In 2008 Prime Minister Kevin Rudd issued an official national apology for the mistreatment of Australia’s indigenous people. Since then, evidence has abounded that race relations have simply gotten worse with open resentment and even violent protests of Australia. The latest despicable display of racial bitterness is NRL star Cody Walker’s unoriginal refusal to sing the national anthem before the State of Origin opener. You’d never guess it’s actually “National Reconciliation Week” unless that means racist virtue-signalling week. Yes, the people complaining loudest about racism are plainly racists demanding obeisance. This week will potentially only serve to deepen resentment and……

In 2008 Prime Minister Kevin Rudd issued an official national apology for the mistreatment of Australia’s indigenous people. Since then, evidence has abounded that race relations have simply gotten worse with open resentment and even violent protests of Australia. The latest despicable display of racial bitterness is NRL star Cody Walker’s unoriginal refusal to sing the national anthem before the State of Origin opener.

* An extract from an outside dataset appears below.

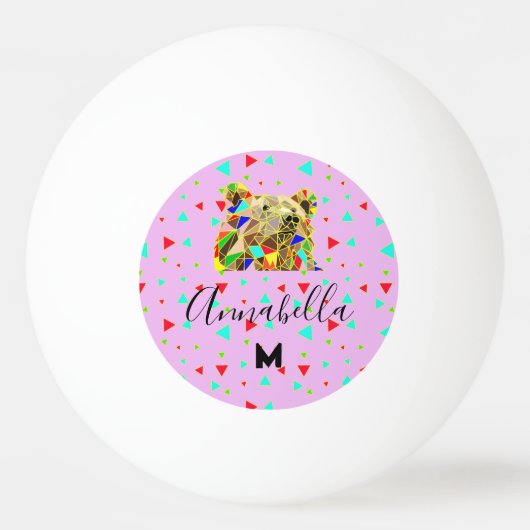 Grizzly Beer Roze Pingpongbal (Voorkant)
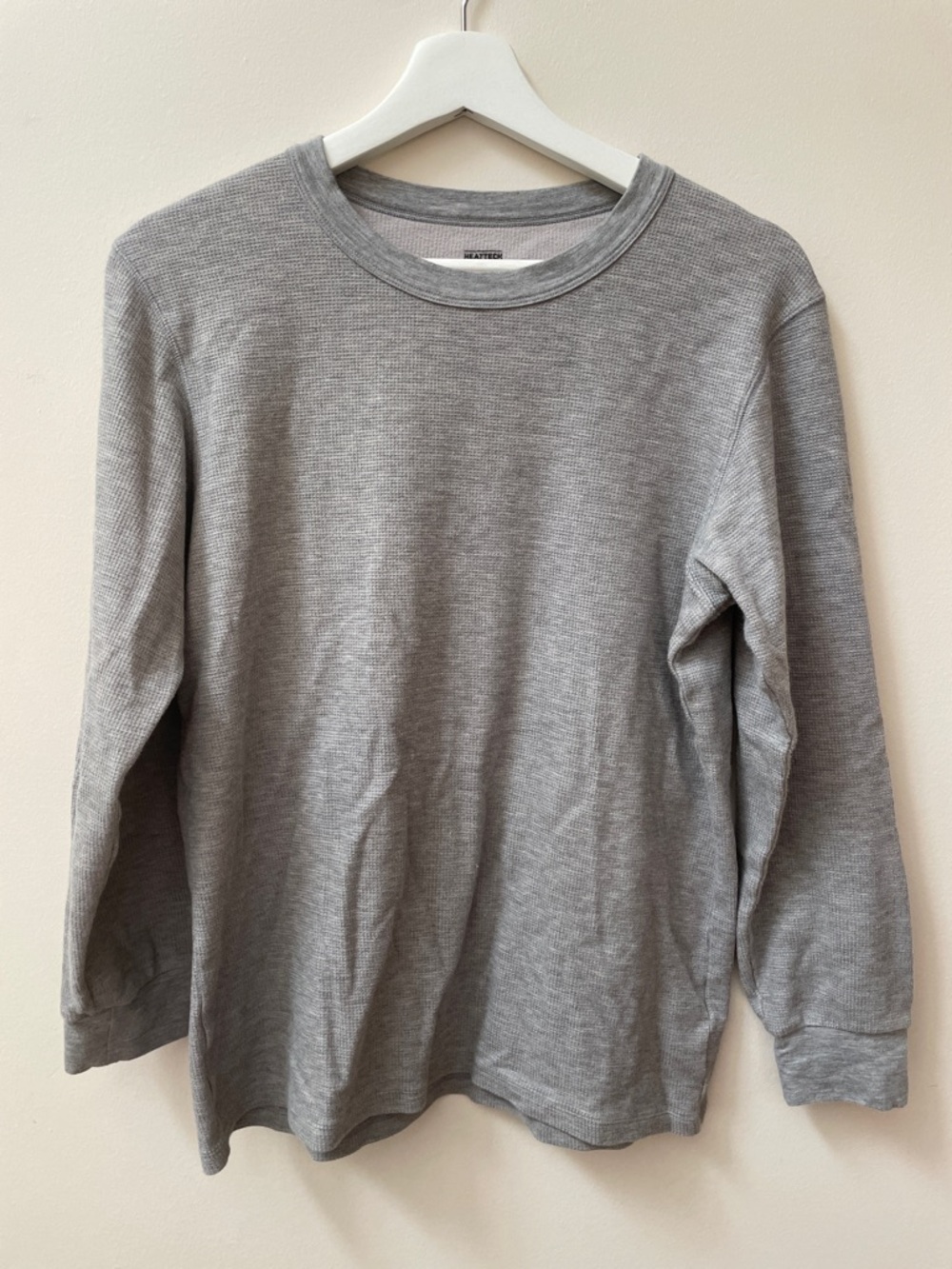 Uniqlo Cotton Heattech extra warm Long Sleeve Thermal Tee - Light Gray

You’d never guess it’s actually “National Reconciliation Week” unless that means racist virtue-signalling week. Yes, the people complaining loudest about racism are plainly racists demanding obeisance. This week will potentially only serve to deepen resentment and widen divisions between Aussies who really don’t see any differences between us and those with varying fractions of indigenous blood who may or may not hold everyone else guilty for historical wrongs. Fortunately, most non-Aboriginal Australians are sensible enough to overlook these childish acts.

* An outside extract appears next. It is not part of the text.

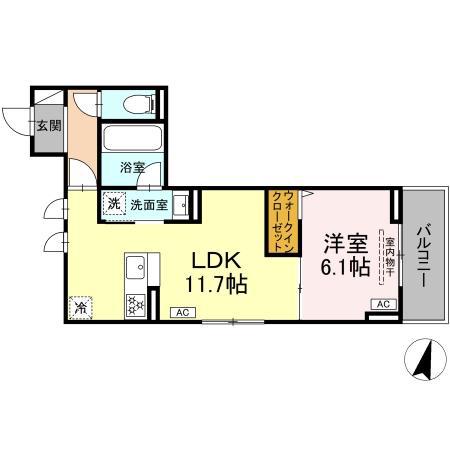 D PAINA 木月住吉町(1LDK/3階)の間取り写真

Merriam-Webster defines reconciliation as restoring friendship or harmony. Reconciliation has never been further from grasp than it is now, but there are profound changes that must happen and obstacles which must be removed before it ever can happen.

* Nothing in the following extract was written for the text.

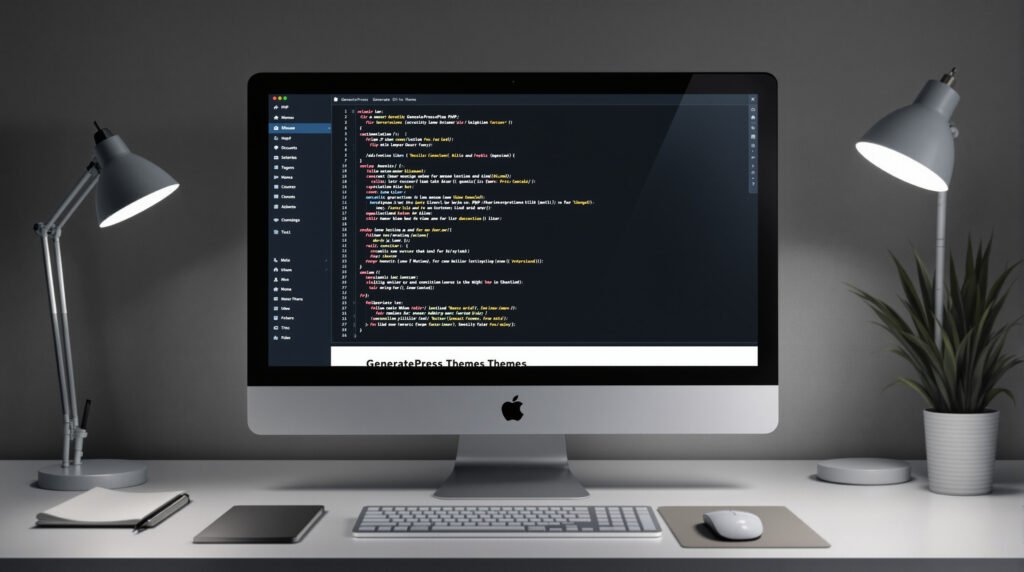 Interface GeneratePress avec code PHP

Apologies are useless without forgiveness.

I can’t tell whether it’s a majority or a minority of Australian’s with indigenous heritage, but far too many are clinging to victimhood in a way that makes reconciliation a long way off. Just this morning on one of the breakfast news shows one Aboriginal elder nonchalantly mentioned there can “never be forgiveness” for some historical attack.

Various notable figures including Nelson Mandela have been quoted as saying “Unforgiveness is like drinking poison and waiting for the other person to die.” There can be no moving forward while so many people are hopelessly mired in the past. There can be no friendship with people constantly reminding you of what people you don’t know did to other people you never met and holding you responsible for it.

There’s no substitute for personal responsibility.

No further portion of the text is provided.